- **BRIEF**:
Exclude the pictures. Transcribe exactly, and only, the lines from the one holding "Einfaches Mikroskop aus" to the end of the material below.

- **THE RECORDS**:
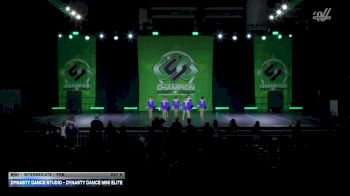 Dynasty Dance Studio - Dynasty Dance Mini Elite [2026 Mini - Intermediate - Pom Day 2] 2026 CSG Dance Grand Nationals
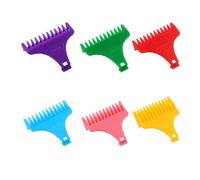 6/8Pcs Professionnel Tondeuse À Cheveux Gardes Guides De Coupe Compatible Avec Tondeuses, Clipper Peignes Remplacement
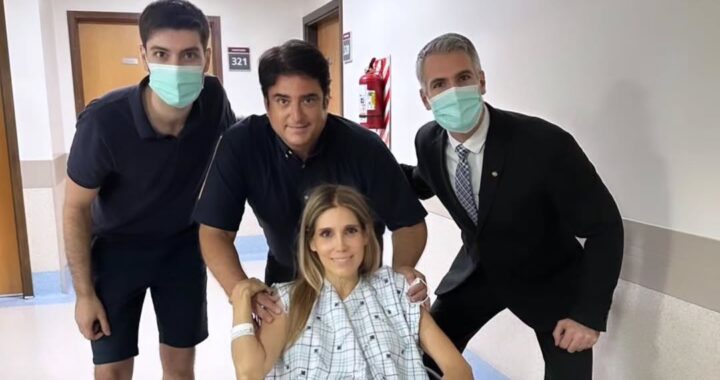 Sanie López Garelli no descarta ir por la nena luego de los mellis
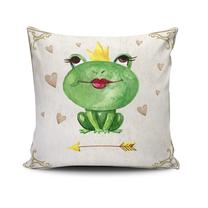 Dekoratyvinės pagalvėlės užvalkalas Mioli Decor NKLF-315, įvairių spalvų, 43 cm x 43 cm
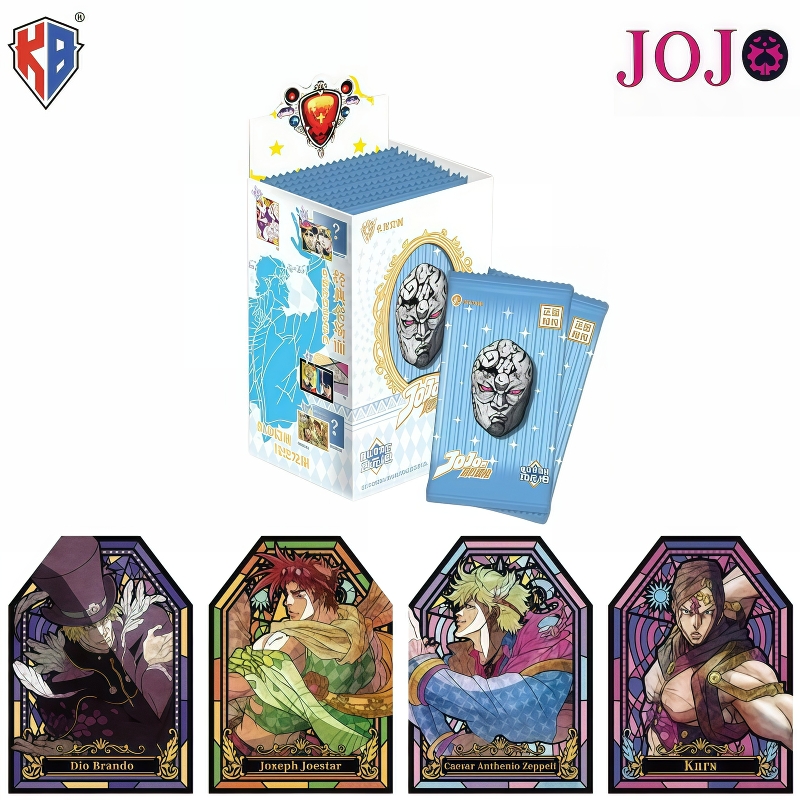 KABAO Official New JoJo's Biza - Anime Merchandise Bd recension och pris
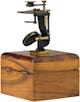 Einfaches Mikroskop aus dem Jahr 1847 (Sammlung Mappes)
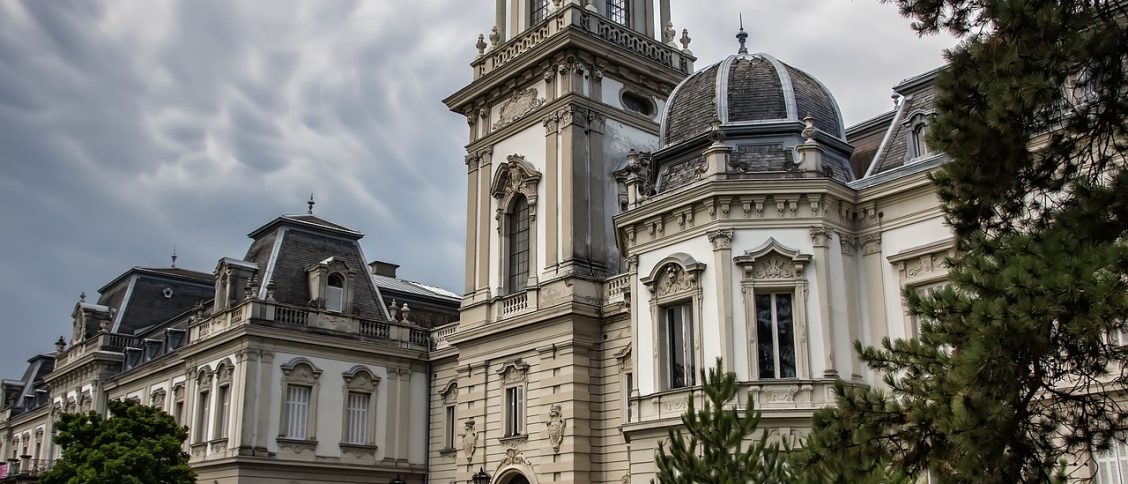 castle, palace, buildings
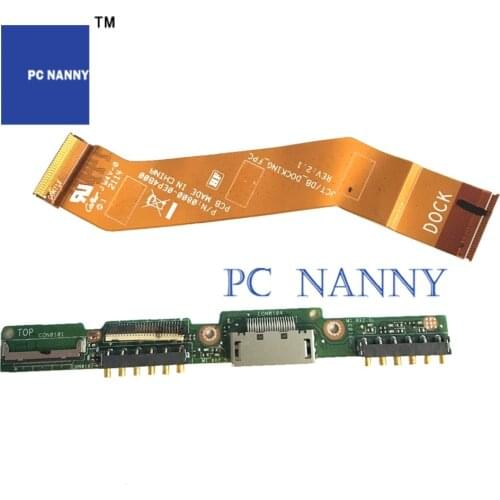 PCNANNY FOR DELL Venue 11 Pro 7130 JCT DB CHARGING PRONG DAUGHTERBOARD 0XJOHV power board 0KJM36 speakers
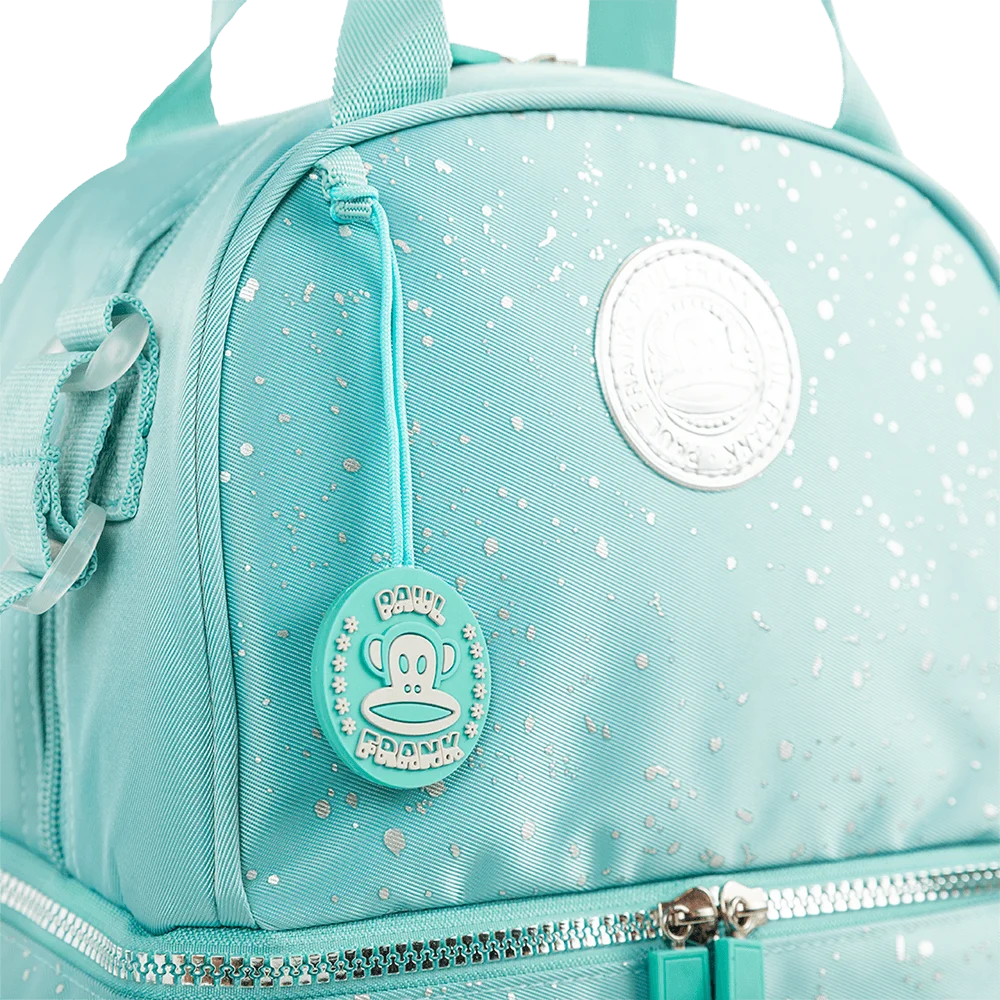 Lancheira 2 Compartimentos Paul Frank Styles - Verde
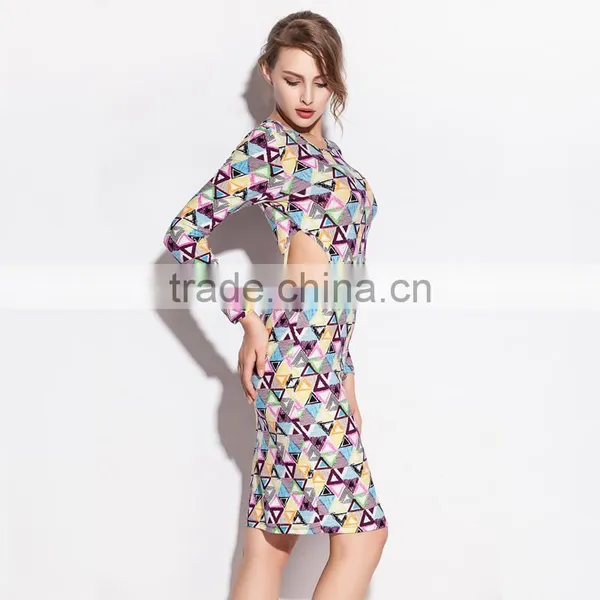 Hot Sexy One Piece Dress Pattern Night Dress photo-2
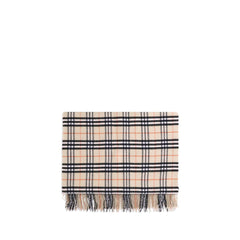 Manta de lana a cuadros de Burberry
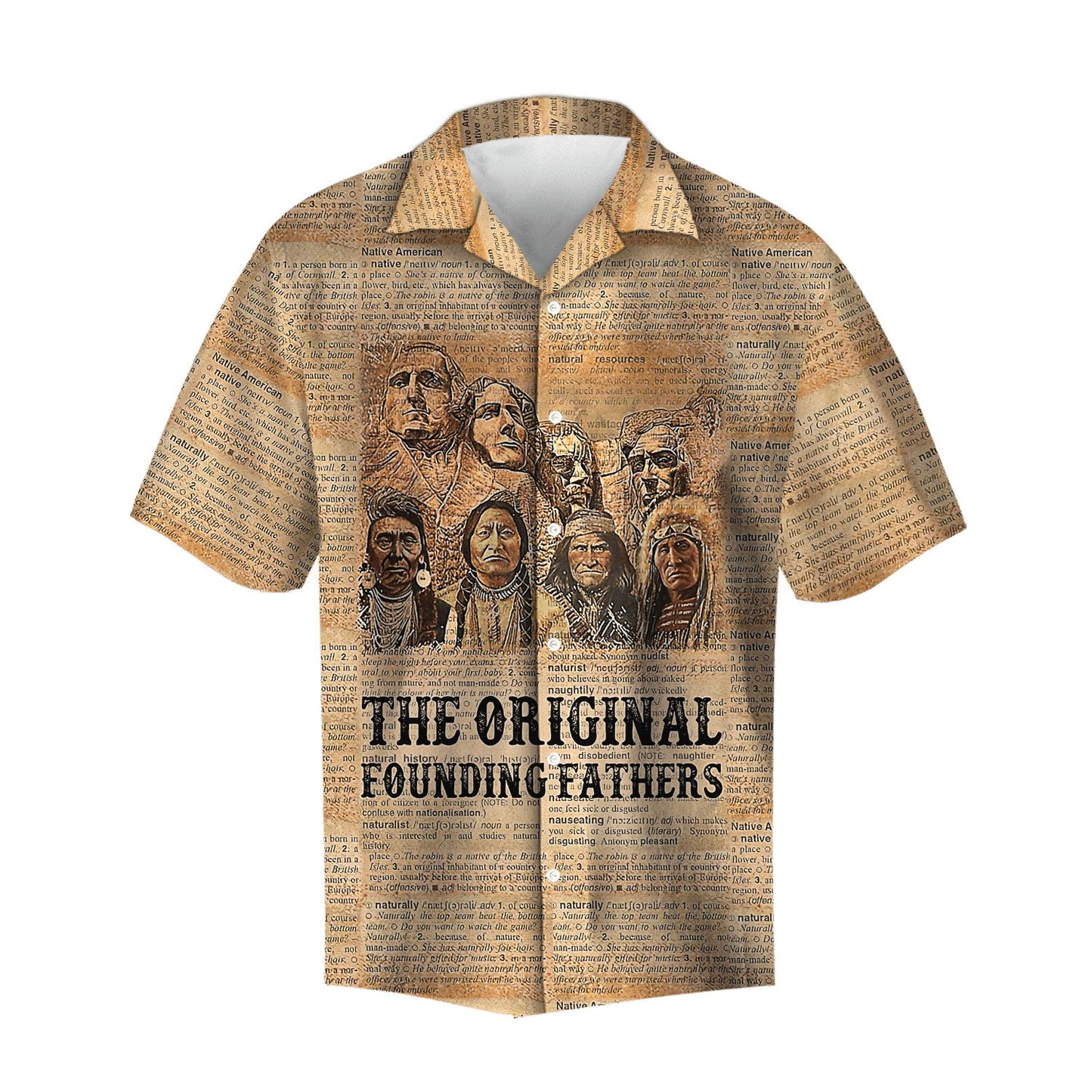 Native American 3D All Over Printed Unisex Shirts
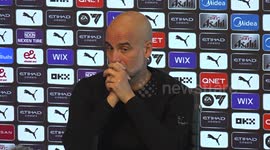 Pep Guardiola vows to stay at Man City even if they are relegated to League One in UK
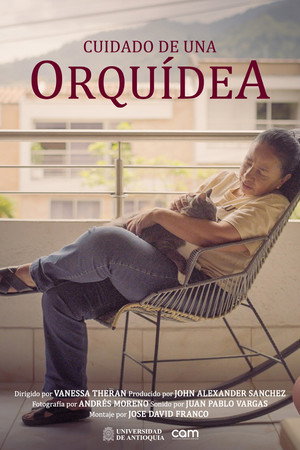 Cuidado de una Orquidea poszter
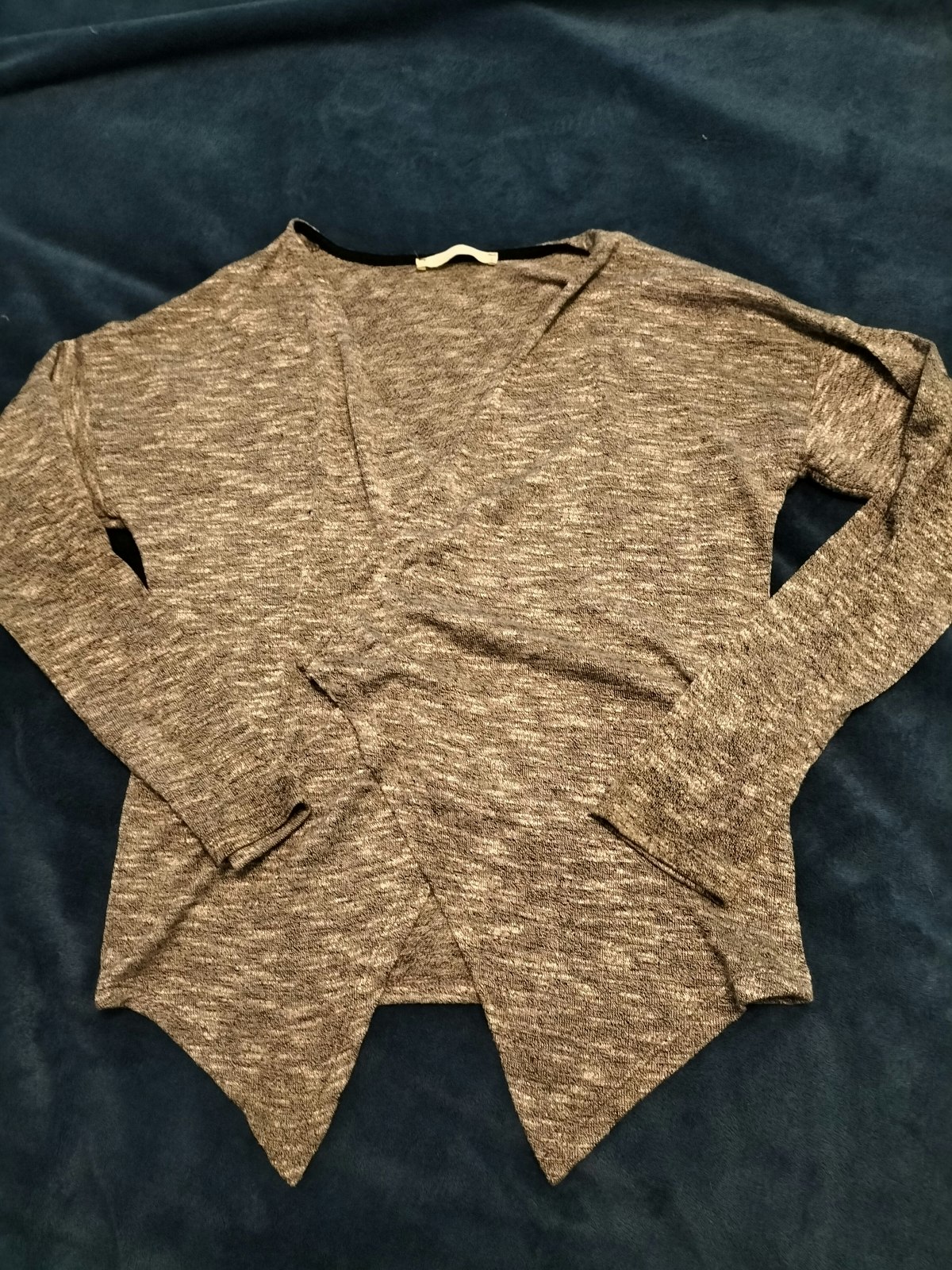 Gilet asymétrique neuf Gémo taille 12 ans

- **EXERCISE SOLUTION**:
 Einfaches Mikroskop aus dem Jahr 1847 (Sammlung Mappes)
 castle, palace, buildings
 PCNANNY FOR DELL Venue 11 Pro 7130 JCT DB CHARGING PRONG DAUGHTERBOARD 0XJOHV power board 0KJM36 speakers
 Lancheira 2 Compartimentos Paul Frank Styles - Verde
 Hot Sexy One Piece Dress Pattern Night Dress photo-2
 Manta de lana a cuadros de Burberry
 Native American 3D All Over Printed Unisex Shirts
 Pep Guardiola vows to stay at Man City even if they are relegated to League One in UK
 Cuidado de una Orquidea poszter
 Gilet asymétrique neuf Gémo taille 12 ans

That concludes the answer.